Questa vecchia si direbbe sui novant’anni, se non di più. Ha un viso scuro e scarno, segmentato da un’intensa quanto disordinata rugosità e da una sottile e sporadica peluria, le mascelle come saldate senza alcuna sbavatura o prominenza, gli occhi che non denotano cedimenti, aperti a fessura. L’omogeneità continua della pelle è stata sostituita da un tessuto di macchie di varia gradazione e misura, di cifra illeggibile ma radicata da tanto tempo ormai da rendere impensabile un precedente originale. Sotto il cappello di paglia sfilacciata a forma di campana mozza, di un colore giallo vivo interrotto alla base della falda da un nastro grigio sbiadito, spuntano pochi capelli biancastri, a ciuffi radi, e degli orecchini a goccia incastonati di pietruzze dure color sangue, magari preziose ma di taglio approssimativo. È magra ma non minuta: le caviglie, infatti, come i polsi, sono tonde e robuste. La destra, a causa del piede leggermente obliquo, è sbalzata in tre o quattro piccole grinze di carne, che non possono essere grasso, dalla pressione delle calze elastiche; l’altra si congiunge senza la minima protuberanza al piede perpendicolare, come in un unico blocco privo di articolazione. Per quanto sia difficile calcolare l’influenza dell’immobilità a cui è costretta e il rattrappimento derivato dall’età, da giovane doveva essere stata abbastanza alta. Lo suggerisce il busto allineato allo schienale, lungo ed eretto, che comincia a incurvarsi solo all’attaccatura del collo, in un breve arco che si arresta subito alla nuca senza costringere a piegarsi verso terra la testa, che si mantiene rigida anzi e non tradisce nessuna debolezza anche a dispetto dell’afa che invece sta sfiancando il suo scrutatore. Porta un lungo vestito di cotonina nera a fiorellini bianchi e azzurri, con gambi ben marcati di un verde intenso. Dal grembiule aperto che lo ricopre, sempre di cotonina ma stinta e a sfondo blu stavolta, dalla decorazione di certi damaschi, policroma però: ocra rosso marrone verde e bianco, spuntano le mani, serrate sulla fronte dei braccioli nel solo atteggiamento che riveli, oltre agli occhi, una forma di vitalità.

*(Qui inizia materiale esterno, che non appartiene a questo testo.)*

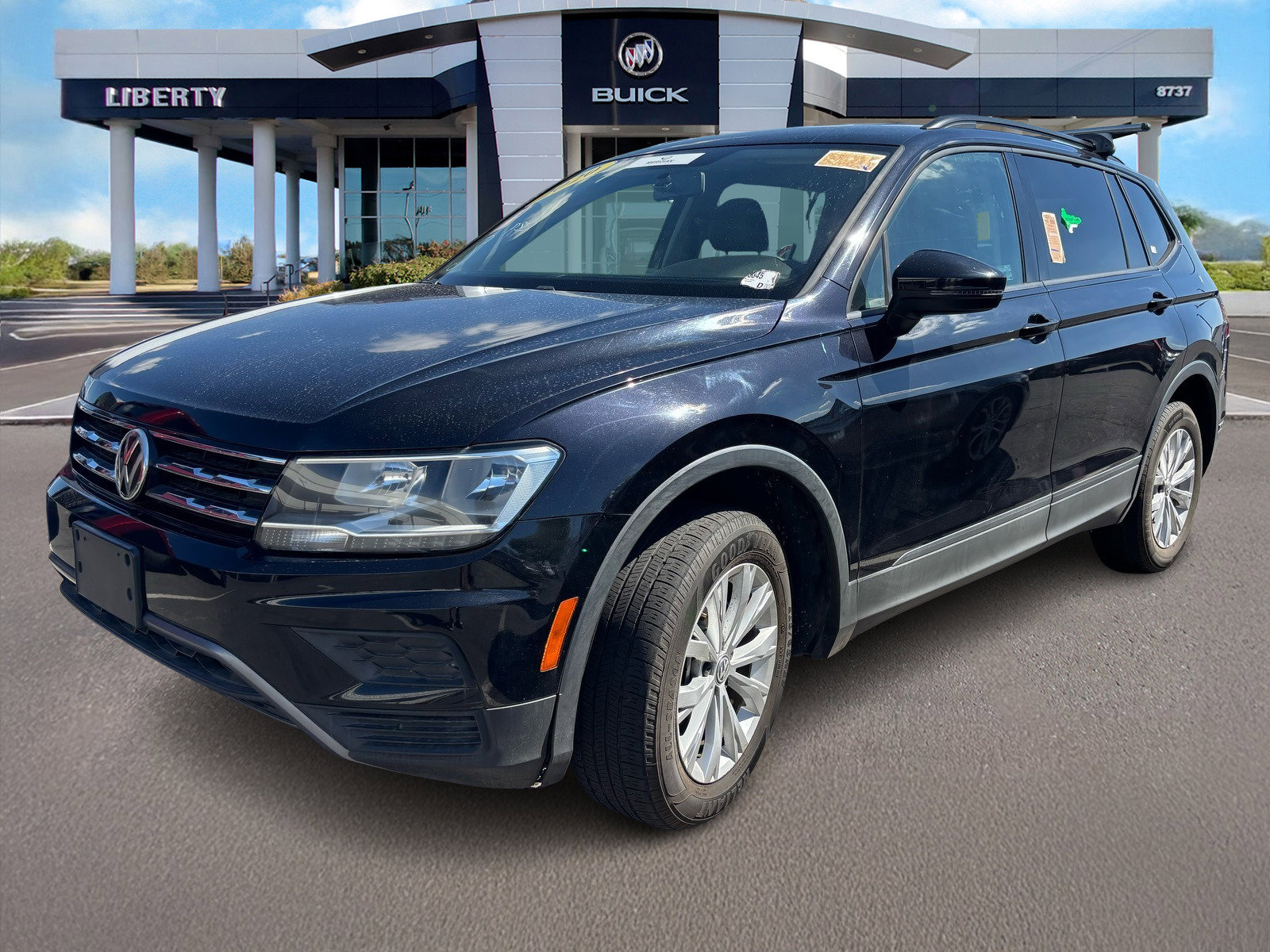 2020 Volkswagen Tiguan S photo 2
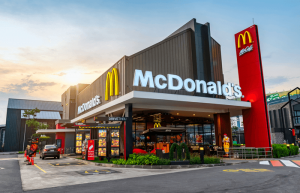 Почему McDonald's стратегически важная компания в условиях карантина?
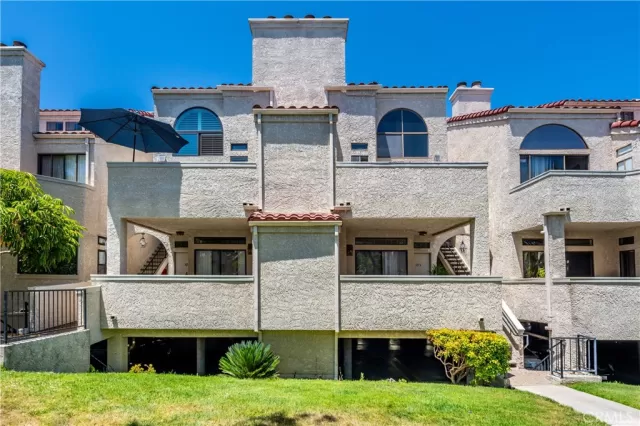 MLS: OC23125539 Condo For Sale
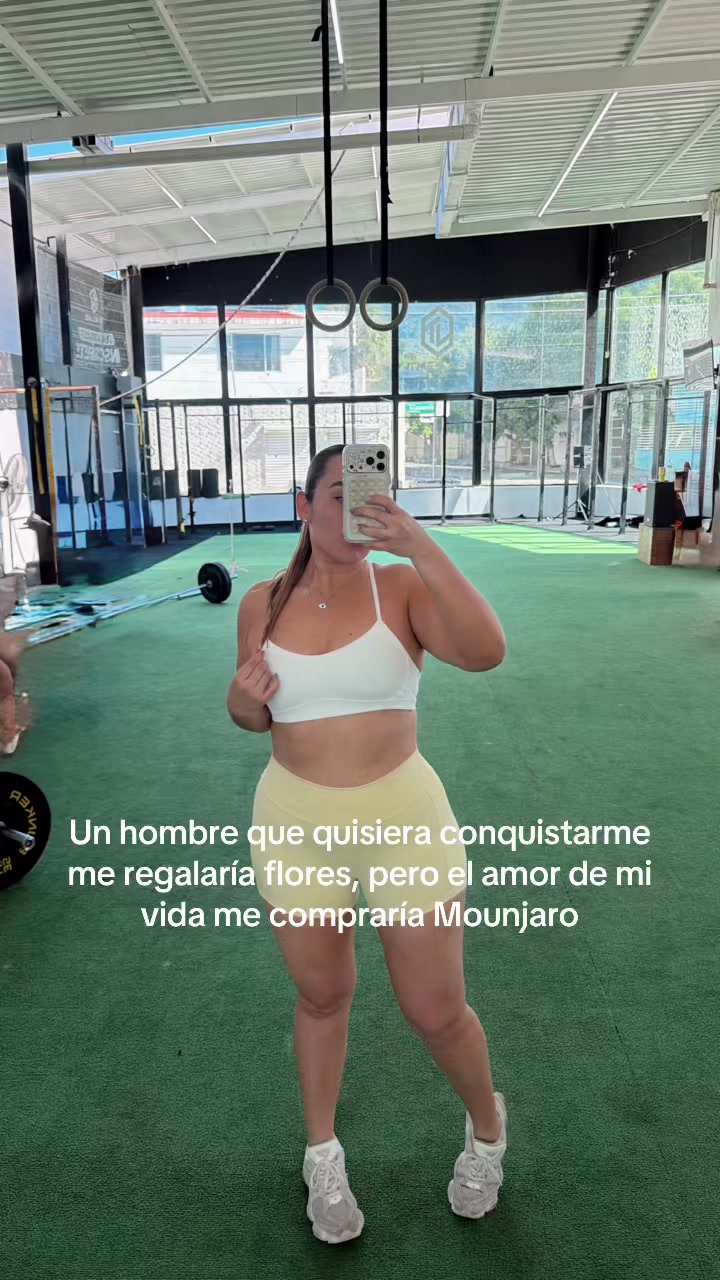 @Salma López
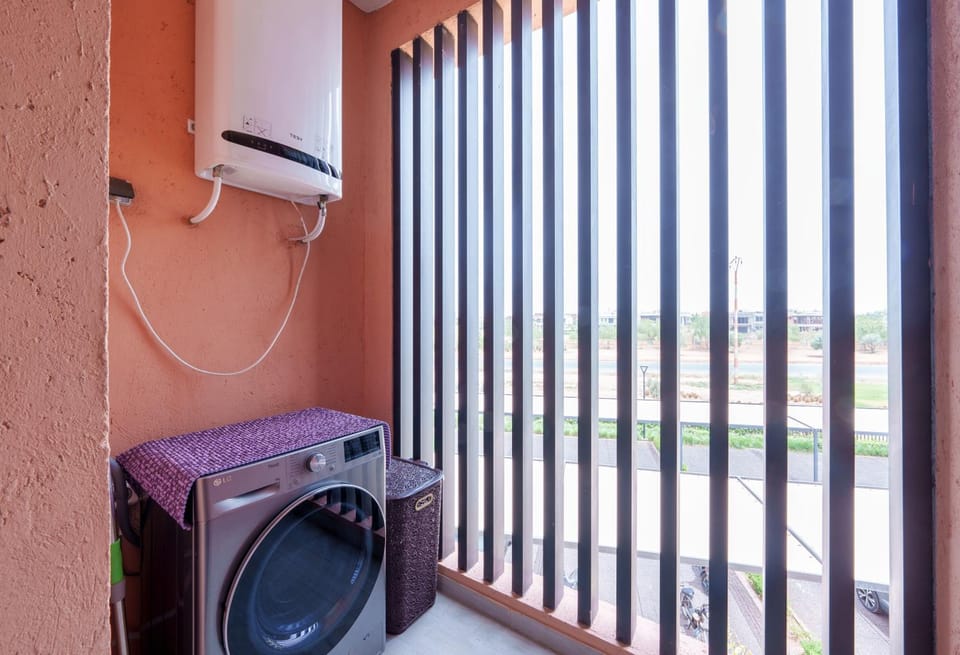 Communal lounge/ TV room, Evening entertainment, washing machine, dryer, air conditioner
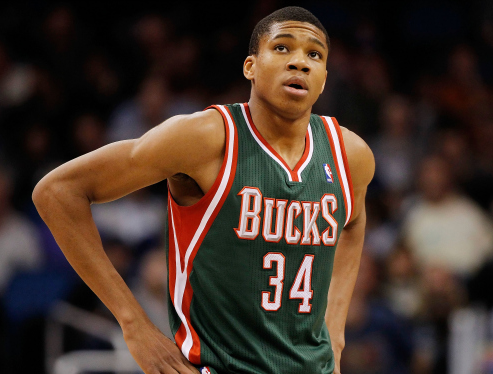 快船队史仅2人多次砍下单场50分：哈登和鲍勃·麦卡杜（快船史上多次砍下50分的唯二球员：哈登与鲍勃·麦卡杜）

Il giovane sta leggendo un libro che certo non gli piace, e ad ogni capoverso si volta a controllare se la vecchia c’è ancora, con la scusa di guardare nel mare tre navi spuntate all’improvviso. Vede la stoffa del grembiule che si increspa per qualche refolo, le mani sempre serrate come a spremere il cuoio dei braccioli, la testa sempre di profilo, le labbra chiuse e quasi ridotte a un duplice filo rosa, gli occhi che ogni tanto seguono i passanti fin dove permette la fronte immobile, senza rincorrerli ma nemmeno fuggirli. Non vedono però il giovane che ora sta scrivendo lì di fianco, né lo guadano quando si alza, imbraccia con voluto rumore la sua seggiola e di proposito attraversa il suo campo visivo per tornare al sole perché il vento si è rafforzato e ha freddo. Sentendosi del tutto ignorato, lui decide, pur sapendo che è la reazione dei deboli, di ignorarla a sua volta. Riapre la seggiola e quindi il libro, legge qualche riga con scarsa attenzione e subito ritorna a fissare le navi immobili, a distanze diverse forse, ma sempre, come di regola, allineate sul filo dell’orizzonte. Le barche e le vele invece sono tutte più o meno lontane, ma solo da terra.